Reinsurance News

Philippines kicks off World Bank supported Parametric Insurance Pilot

15th August 2017 - Author: Staff Writer

With the support of the World Bank the Philippines has kicked off a Parametric Insurance Pilot project that provides up to $19.5 million for typhoon and earthquake cover to 25 local government units  (LGUs) in disaster prone provinces, the Department of Finance (DOF) announced.

The year long pilot project was launched on July 28th, and makes local governments in areas hit by an earthquake or typhoon eligible for insurance payouts from the Government Service Insurance System.

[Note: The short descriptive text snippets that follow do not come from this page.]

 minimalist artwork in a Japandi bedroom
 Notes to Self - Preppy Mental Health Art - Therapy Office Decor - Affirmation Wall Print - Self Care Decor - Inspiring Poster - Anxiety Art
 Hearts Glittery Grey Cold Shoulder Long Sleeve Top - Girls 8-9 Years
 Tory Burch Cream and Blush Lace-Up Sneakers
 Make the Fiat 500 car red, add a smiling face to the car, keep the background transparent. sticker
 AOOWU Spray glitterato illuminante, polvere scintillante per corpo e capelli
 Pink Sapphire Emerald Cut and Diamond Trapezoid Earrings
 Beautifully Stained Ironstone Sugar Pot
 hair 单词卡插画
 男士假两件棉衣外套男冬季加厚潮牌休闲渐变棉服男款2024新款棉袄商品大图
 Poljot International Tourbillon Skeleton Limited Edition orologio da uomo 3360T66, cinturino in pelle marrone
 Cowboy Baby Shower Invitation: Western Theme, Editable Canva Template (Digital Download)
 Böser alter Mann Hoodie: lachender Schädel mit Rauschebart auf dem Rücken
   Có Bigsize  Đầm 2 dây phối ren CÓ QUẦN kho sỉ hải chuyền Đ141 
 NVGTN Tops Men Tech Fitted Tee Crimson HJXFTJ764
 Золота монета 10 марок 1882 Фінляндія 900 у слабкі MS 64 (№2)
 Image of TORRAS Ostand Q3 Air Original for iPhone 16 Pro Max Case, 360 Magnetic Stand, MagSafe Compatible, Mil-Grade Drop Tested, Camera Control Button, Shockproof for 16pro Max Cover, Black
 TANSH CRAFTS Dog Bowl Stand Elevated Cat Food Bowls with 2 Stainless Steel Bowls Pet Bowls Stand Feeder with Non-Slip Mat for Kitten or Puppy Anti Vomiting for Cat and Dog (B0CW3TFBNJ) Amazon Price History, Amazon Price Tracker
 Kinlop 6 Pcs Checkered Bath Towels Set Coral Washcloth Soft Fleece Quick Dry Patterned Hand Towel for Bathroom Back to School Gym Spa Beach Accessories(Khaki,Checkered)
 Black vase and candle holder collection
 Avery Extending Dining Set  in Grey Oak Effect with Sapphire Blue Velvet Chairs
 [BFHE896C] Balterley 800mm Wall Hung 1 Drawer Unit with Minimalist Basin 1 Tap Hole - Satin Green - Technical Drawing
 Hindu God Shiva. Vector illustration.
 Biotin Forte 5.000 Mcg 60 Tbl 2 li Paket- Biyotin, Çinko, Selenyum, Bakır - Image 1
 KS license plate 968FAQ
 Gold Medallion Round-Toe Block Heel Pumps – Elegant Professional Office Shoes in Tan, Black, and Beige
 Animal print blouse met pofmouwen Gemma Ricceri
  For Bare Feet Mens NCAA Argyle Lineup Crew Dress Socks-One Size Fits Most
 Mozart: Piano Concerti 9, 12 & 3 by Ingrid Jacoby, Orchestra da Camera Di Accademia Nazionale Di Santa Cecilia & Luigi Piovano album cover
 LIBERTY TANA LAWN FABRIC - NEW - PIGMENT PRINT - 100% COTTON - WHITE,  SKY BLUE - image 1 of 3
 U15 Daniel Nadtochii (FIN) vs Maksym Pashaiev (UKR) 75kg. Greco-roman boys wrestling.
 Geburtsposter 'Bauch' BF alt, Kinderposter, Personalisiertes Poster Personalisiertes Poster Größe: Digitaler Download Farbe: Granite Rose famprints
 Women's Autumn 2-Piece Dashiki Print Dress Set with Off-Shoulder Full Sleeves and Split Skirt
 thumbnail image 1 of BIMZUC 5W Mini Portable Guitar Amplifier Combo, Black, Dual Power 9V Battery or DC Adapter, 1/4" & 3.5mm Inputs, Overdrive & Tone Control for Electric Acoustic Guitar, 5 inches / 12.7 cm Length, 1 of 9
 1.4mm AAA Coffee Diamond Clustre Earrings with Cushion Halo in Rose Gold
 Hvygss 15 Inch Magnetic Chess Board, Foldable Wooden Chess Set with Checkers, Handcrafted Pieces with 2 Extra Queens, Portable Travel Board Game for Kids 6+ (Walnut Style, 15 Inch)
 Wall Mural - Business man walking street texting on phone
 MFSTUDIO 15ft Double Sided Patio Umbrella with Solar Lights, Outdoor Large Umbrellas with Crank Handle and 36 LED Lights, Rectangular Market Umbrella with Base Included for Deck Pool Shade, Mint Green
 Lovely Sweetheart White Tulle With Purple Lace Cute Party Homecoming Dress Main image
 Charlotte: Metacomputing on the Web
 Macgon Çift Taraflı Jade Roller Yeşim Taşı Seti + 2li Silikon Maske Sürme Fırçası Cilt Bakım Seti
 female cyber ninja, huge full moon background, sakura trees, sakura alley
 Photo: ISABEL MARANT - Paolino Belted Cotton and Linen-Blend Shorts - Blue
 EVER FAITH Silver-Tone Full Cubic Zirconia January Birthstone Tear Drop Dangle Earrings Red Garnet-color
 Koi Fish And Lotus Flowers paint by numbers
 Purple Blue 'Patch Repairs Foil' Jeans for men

Coverage will be fully passed on to the international reinsurance market, thus minimizing risks for the Phillippine government and safeguarding the regime’s ambitious development goals.

The project is part of the National Disaster Risk Reduction and Management (NDRRM) Plan for 2011-2028 and is in line with the Philippines’ Disaster Risk Financing and Insurance Strategy.

“This is one of the many efforts of the Duterte administration in making the country disaster resilient and sustainable,” DOF Assistant Secretary and spokesperson Paola Alvarez, said in a report.


“Unlike the traditional indemnity insurance that takes a long time to assess and process, this Parametric Insurance Pilot will have quick-disbursing payouts whose amounts will depend on the estimated loss triggers determined through the Philippines’ Catastrophic Risk Model developed by the DOF in 2014,” he added.

The typhoon-vulnerable provinces of Batanes and Albay and the earthquake-hit province of Leyte are among 25 provinces eligible for post-disaster payout.

The Bureau of Treasury acts as policyholder and will enable fast distribution of funds to the national and local government units in case of a natural disaster that exceeds the established parameters for payouts.

Alvarez wrote; “Our disaster risk financing strategy provides a comprehensive framework for the implementation of financial protection solutions against natural disasters at the national, local government and individual levels.”

“Since its adoption in 2015, the government has made significant progress in implementation, including most notably the signing of the World-Bank supported $500 million contingent credit line last year.”

The premium payments will be financed through an NDDRM Fund allocated for government facilities’ insurance.

The project’s premiums will go to cover a disaster-specific and a province-specific fund; the disaster-specific premiums will be allocated towards typhoons and earthquakes at a ratio of about 80%/20%, while the province specific premiums will be split equally among the 25 provinces at approximately $390,000 each.

The pilot project represents one of the World Bank’s diverse re/insurance schemes to facilitate development in climate vulnerable nations through enabling risks to be passed on to the global financial market.

As international organisations, governments and re/insurers continue to collaborate through projects such as these, and developing nations increasingly recognising the benefits of disaster prevention measures, its likely the parametric scheme will become more prolific throughout the Asia-Pacific region in coming years.